Twenty-one year old Akira Eady died a few days after giving birth at Mount Sinai Medical Center at her Bronx home in 2007. Eady is one of 1.7 million* women who face birth problems that harm their health every year, according to Amnesty International.
A report recently released by the New York City Department of Health examining maternal mortality in the city between 2001 and 2005 found striking disparities for women like Eady: black, non-Hispanic women were more than seven times more likely to die from pregnancy-related causes than white, non-Hispanic women. Such disparities recur nationally. In a March 2010 report entitled “Deadly Deliveries,” Amnesty International explained, “African-American women are nearly four times more likely to die of pregnancy-related complications than white women. These rates and disparities have not improved in more than 20 years.” The report found that in 2004 and 2005, more than 68,000 women nearly died giving birth.

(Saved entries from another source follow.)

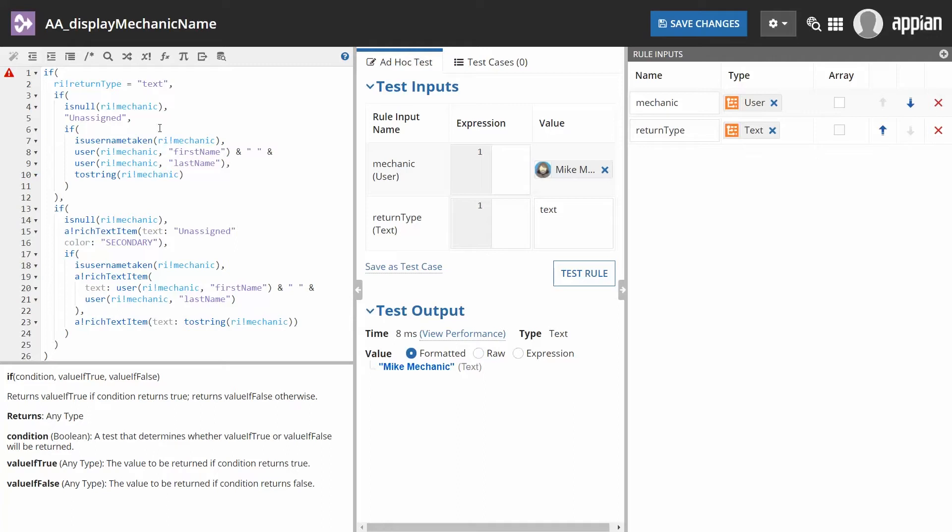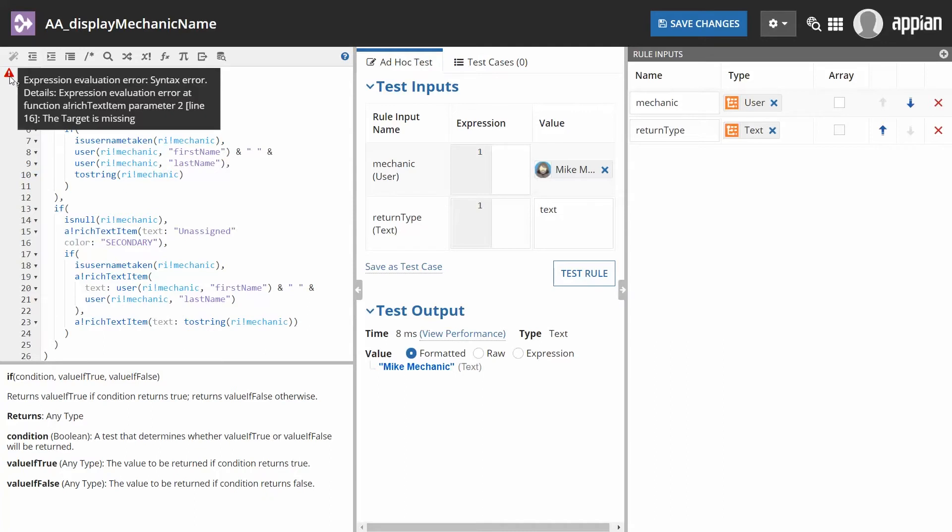When working in the expression editor, you may see different visual flags. If there is a syntax error in your expression, a red triangle will appear beside the line where the error is or the function that contains the error. Hover your mouse over the triangle to read more guidance on the issue and how to fix it.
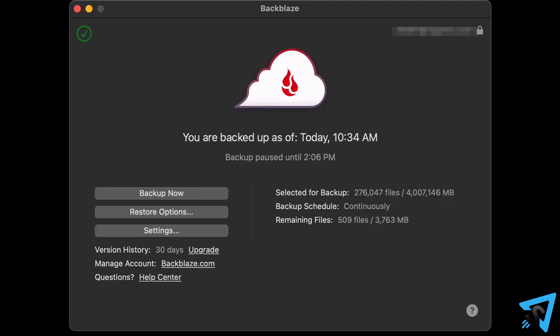For only $7 a month, you get a truly unlimited backup solution for your computer and every external hard drive attached to it. Here is my backup of four terabytes.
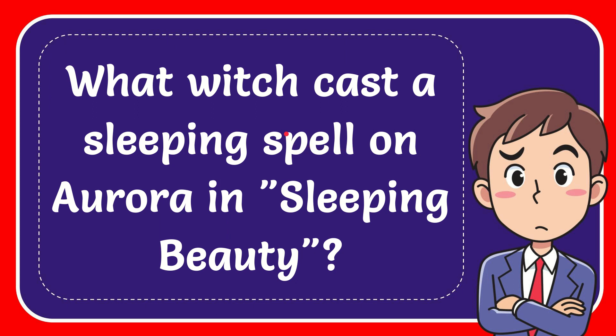In this video, I'm going to give you the answer to this question: What witch casts a sleeping spell on Aurora in Sleeping Beauty?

But as Rita Henley Jensen explains, the New York report also points to something more than the usual indicators for maternal mortality—poverty, lack of prenatal care and preexisting conditions. Maternal mortality is not just restricted to women of color; we’re actually seeing a rise in maternal and fetal mortality rates overall. California has reported a near tripling of their maternal mortality rate in just the 10 years between 1996 and 2006. The U.S. ranks behind 40 other countries in terms of maternal mortality rates, despite spending the most money per capita on health care.
So how have we created the world’s most expensive maternity care system while still putting women and babies at risk? The answer lies in two of our culture’s biggest influences: money and technology. And now, even as Republican legislators aim to gut the Medicaid program that millions of women depend upon, a movement is growing to make maternity care both cheaper and safer by giving poor women greater access to home births.
Selling Moms Bad Care
In today’s system, 98 percent of mothers give birth in a hospital—the majority of them under the care of an obstetrician. One in every three births will occur surgically via cesarean section. Most women are lying in bed during their labor, without food or water, restricted by monitors strapped around their belly that measure fetal heart rates. The majority of women opt for an epidural, the spinal medication that numbs the body from the waist down. Inductions (provoking or encouraging labor progression with drugs like pitocin) are common practice.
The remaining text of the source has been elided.